-- Problem to work on --
Every line below must be given again exactly.

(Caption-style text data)
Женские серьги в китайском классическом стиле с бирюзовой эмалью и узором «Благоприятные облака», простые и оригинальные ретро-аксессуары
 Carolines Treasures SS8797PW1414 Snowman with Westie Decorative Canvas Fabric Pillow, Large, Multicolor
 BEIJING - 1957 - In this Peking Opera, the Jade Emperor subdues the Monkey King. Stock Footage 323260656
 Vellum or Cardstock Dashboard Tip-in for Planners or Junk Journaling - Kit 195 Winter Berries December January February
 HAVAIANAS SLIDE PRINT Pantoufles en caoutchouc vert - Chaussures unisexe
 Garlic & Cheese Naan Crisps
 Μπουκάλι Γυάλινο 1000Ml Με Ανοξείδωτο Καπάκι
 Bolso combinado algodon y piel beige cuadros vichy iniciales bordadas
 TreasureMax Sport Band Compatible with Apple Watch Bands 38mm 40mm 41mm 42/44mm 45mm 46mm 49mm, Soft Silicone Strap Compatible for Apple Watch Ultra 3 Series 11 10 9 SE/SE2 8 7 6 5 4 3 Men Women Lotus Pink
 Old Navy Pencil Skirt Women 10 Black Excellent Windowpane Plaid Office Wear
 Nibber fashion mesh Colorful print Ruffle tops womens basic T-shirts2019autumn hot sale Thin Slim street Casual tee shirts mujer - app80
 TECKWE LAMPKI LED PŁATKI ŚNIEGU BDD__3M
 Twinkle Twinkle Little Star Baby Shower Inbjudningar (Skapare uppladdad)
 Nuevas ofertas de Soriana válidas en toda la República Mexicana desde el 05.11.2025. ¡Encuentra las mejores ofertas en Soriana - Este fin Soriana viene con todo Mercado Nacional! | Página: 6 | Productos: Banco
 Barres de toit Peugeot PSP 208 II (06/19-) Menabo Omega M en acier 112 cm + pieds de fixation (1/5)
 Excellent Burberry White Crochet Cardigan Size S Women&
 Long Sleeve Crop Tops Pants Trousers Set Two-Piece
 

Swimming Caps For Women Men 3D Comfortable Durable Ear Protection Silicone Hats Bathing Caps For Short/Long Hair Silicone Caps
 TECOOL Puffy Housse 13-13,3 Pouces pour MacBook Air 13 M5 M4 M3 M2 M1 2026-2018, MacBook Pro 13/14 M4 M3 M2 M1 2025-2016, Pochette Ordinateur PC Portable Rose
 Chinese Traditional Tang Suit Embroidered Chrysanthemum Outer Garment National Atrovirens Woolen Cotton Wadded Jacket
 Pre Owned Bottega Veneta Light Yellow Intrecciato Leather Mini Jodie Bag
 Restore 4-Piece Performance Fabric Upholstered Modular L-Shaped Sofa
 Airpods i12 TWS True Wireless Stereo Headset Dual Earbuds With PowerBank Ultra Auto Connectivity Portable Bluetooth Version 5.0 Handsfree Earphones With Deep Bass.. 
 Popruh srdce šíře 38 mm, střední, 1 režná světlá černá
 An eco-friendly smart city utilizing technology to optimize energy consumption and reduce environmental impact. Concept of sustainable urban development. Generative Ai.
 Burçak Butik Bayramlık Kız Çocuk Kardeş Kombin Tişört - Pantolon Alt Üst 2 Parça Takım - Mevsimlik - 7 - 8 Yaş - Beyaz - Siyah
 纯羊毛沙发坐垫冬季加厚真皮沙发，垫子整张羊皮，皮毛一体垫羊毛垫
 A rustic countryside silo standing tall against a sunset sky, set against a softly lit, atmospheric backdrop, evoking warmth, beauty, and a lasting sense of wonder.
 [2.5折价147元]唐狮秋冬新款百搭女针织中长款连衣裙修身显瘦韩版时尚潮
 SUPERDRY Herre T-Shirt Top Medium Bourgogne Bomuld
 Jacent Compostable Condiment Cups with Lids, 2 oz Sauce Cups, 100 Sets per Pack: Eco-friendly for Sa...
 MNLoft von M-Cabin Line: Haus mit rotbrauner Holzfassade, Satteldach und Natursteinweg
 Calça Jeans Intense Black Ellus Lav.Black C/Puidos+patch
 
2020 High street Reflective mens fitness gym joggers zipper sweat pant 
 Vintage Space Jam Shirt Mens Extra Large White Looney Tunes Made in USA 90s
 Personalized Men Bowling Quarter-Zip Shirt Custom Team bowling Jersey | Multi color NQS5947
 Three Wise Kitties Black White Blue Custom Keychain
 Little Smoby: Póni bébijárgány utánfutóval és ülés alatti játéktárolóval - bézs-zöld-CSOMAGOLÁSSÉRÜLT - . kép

-- Output --
Женские серьги в китайском классическом стиле с бирюзовой эмалью и узором «Благоприятные облака», простые и оригинальные ретро-аксессуары
 Carolines Treasures SS8797PW1414 Snowman with Westie Decorative Canvas Fabric Pillow, Large, Multicolor
 BEIJING - 1957 - In this Peking Opera, the Jade Emperor subdues the Monkey King. Stock Footage 323260656
 Vellum or Cardstock Dashboard Tip-in for Planners or Junk Journaling - Kit 195 Winter Berries December January February
 HAVAIANAS SLIDE PRINT Pantoufles en caoutchouc vert - Chaussures unisexe
 Garlic & Cheese Naan Crisps
 Μπουκάλι Γυάλινο 1000Ml Με Ανοξείδωτο Καπάκι
 Bolso combinado algodon y piel beige cuadros vichy iniciales bordadas
 TreasureMax Sport Band Compatible with Apple Watch Bands 38mm 40mm 41mm 42/44mm 45mm 46mm 49mm, Soft Silicone Strap Compatible for Apple Watch Ultra 3 Series 11 10 9 SE/SE2 8 7 6 5 4 3 Men Women Lotus Pink
 Old Navy Pencil Skirt Women 10 Black Excellent Windowpane Plaid Office Wear
 Nibber fashion mesh Colorful print Ruffle tops womens basic T-shirts2019autumn hot sale Thin Slim street Casual tee shirts mujer - app80
 TECKWE LAMPKI LED PŁATKI ŚNIEGU BDD__3M
 Twinkle Twinkle Little Star Baby Shower Inbjudningar (Skapare uppladdad)
 Nuevas ofertas de Soriana válidas en toda la República Mexicana desde el 05.11.2025. ¡Encuentra las mejores ofertas en Soriana - Este fin Soriana viene con todo Mercado Nacional! | Página: 6 | Productos: Banco
 Barres de toit Peugeot PSP 208 II (06/19-) Menabo Omega M en acier 112 cm + pieds de fixation (1/5)
 Excellent Burberry White Crochet Cardigan Size S Women&
 Long Sleeve Crop Tops Pants Trousers Set Two-Piece
 

Swimming Caps For Women Men 3D Comfortable Durable Ear Protection Silicone Hats Bathing Caps For Short/Long Hair Silicone Caps
 TECOOL Puffy Housse 13-13,3 Pouces pour MacBook Air 13 M5 M4 M3 M2 M1 2026-2018, MacBook Pro 13/14 M4 M3 M2 M1 2025-2016, Pochette Ordinateur PC Portable Rose
 Chinese Traditional Tang Suit Embroidered Chrysanthemum Outer Garment National Atrovirens Woolen Cotton Wadded Jacket
 Pre Owned Bottega Veneta Light Yellow Intrecciato Leather Mini Jodie Bag
 Restore 4-Piece Performance Fabric Upholstered Modular L-Shaped Sofa
 Airpods i12 TWS True Wireless Stereo Headset Dual Earbuds With PowerBank Ultra Auto Connectivity Portable Bluetooth Version 5.0 Handsfree Earphones With Deep Bass.. 
 Popruh srdce šíře 38 mm, střední, 1 režná světlá černá
 An eco-friendly smart city utilizing technology to optimize energy consumption and reduce environmental impact. Concept of sustainable urban development. Generative Ai.
 Burçak Butik Bayramlık Kız Çocuk Kardeş Kombin Tişört - Pantolon Alt Üst 2 Parça Takım - Mevsimlik - 7 - 8 Yaş - Beyaz - Siyah
 纯羊毛沙发坐垫冬季加厚真皮沙发，垫子整张羊皮，皮毛一体垫羊毛垫
 A rustic countryside silo standing tall against a sunset sky, set against a softly lit, atmospheric backdrop, evoking warmth, beauty, and a lasting sense of wonder.
 [2.5折价147元]唐狮秋冬新款百搭女针织中长款连衣裙修身显瘦韩版时尚潮
 SUPERDRY Herre T-Shirt Top Medium Bourgogne Bomuld
 Jacent Compostable Condiment Cups with Lids, 2 oz Sauce Cups, 100 Sets per Pack: Eco-friendly for Sa...
 MNLoft von M-Cabin Line: Haus mit rotbrauner Holzfassade, Satteldach und Natursteinweg
 Calça Jeans Intense Black Ellus Lav.Black C/Puidos+patch
 
2020 High street Reflective mens fitness gym joggers zipper sweat pant 
 Vintage Space Jam Shirt Mens Extra Large White Looney Tunes Made in USA 90s
 Personalized Men Bowling Quarter-Zip Shirt Custom Team bowling Jersey | Multi color NQS5947
 Three Wise Kitties Black White Blue Custom Keychain
 Little Smoby: Póni bébijárgány utánfutóval és ülés alatti játéktárolóval - bézs-zöld-CSOMAGOLÁSSÉRÜLT - . kép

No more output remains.